In order to understand the underline mechanism of SHMT2 (serine hydroxymethyltransferase 2) effect on tumor growth, proteome and metabolome analysis were carried on an engineered HeLa cell line (HeLa-SHMT2-shSHMT2, short as HeLa-Ss), which has inducible SHMT2 over-expression or suppression by treating cell with tetracycline or IPTG, respectively. SHMT2 over-expression in HeLa-ss cell increased cell proliferation in vitro and in vivo, deceased expression of several mitochondrial complex I and III proteins, and increased glycine and glutathione levels in cells. BioID method identified more than 20 SHMT2 associated proteins that are involved in oxidation-reduction process. These results indicate SHMT2 involves in the regulation of cellular redox balance. SHMT2 suppression only reduced growth of cells under glycine depletion condition in cell culture. It increased expression of several proteins involved in glutaminolysis and amino acid transporters, and elevated metabolites related to glutamine metabolism. These results indicate tumor cells have a compensatory reaction after SHMT2 suppression. Further reducing glycine levels in cells by sodium benzoate caused cell death in cultured cell and slightly reduced tumor growth in vivo. Benzoate treatment induces more changes in protein expressions and metabolite levels, and it may provide a new addition for tumor treatment.

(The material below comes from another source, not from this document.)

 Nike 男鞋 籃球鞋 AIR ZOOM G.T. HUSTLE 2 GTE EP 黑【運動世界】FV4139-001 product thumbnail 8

为阐明丝氨酸羟甲基转移酶2（SHMT2，serine hydroxymethyltransferase 2）影响肿瘤生长的潜在机制，本研究对工程化HeLa细胞系（HeLa-SHMT2-shSHMT2，简称HeLa-Ss）开展蛋白质组学与代谢组学分析。该细胞系可通过分别添加四环素或异丙基β-D-硫代半乳糖苷（IPTG），实现SHMT2的诱导过表达或敲低。在HeLa-Ss细胞中过表达SHMT2，可在体外及体内促进细胞增殖，下调线粒体复合物I与III的多种蛋白表达，并提升细胞内甘氨酸与谷胱甘肽水平。采用BioID技术鉴定出20余种与SHMT2存在相互作用的蛋白，这些蛋白参与氧化还原过程。上述结果表明，SHMT2参与调控细胞氧化还原稳态。仅在细胞培养时的甘氨酸缺失条件下，敲低SHMT2可抑制细胞增殖。此时细胞内参与谷氨酰胺分解及氨基酸转运的多种蛋白表达上调，谷氨酰胺代谢相关代谢物水平升高。上述结果提示，肿瘤细胞在SHMT2被敲低后会产生代偿性应答。进一步通过苯甲酸钠降低细胞内甘氨酸水平，可诱导培养细胞死亡，并在体内轻度抑制肿瘤生长。苯甲酸钠处理会引发更多的蛋白表达与代谢物水平变化，或可为肿瘤治疗提供新的思路。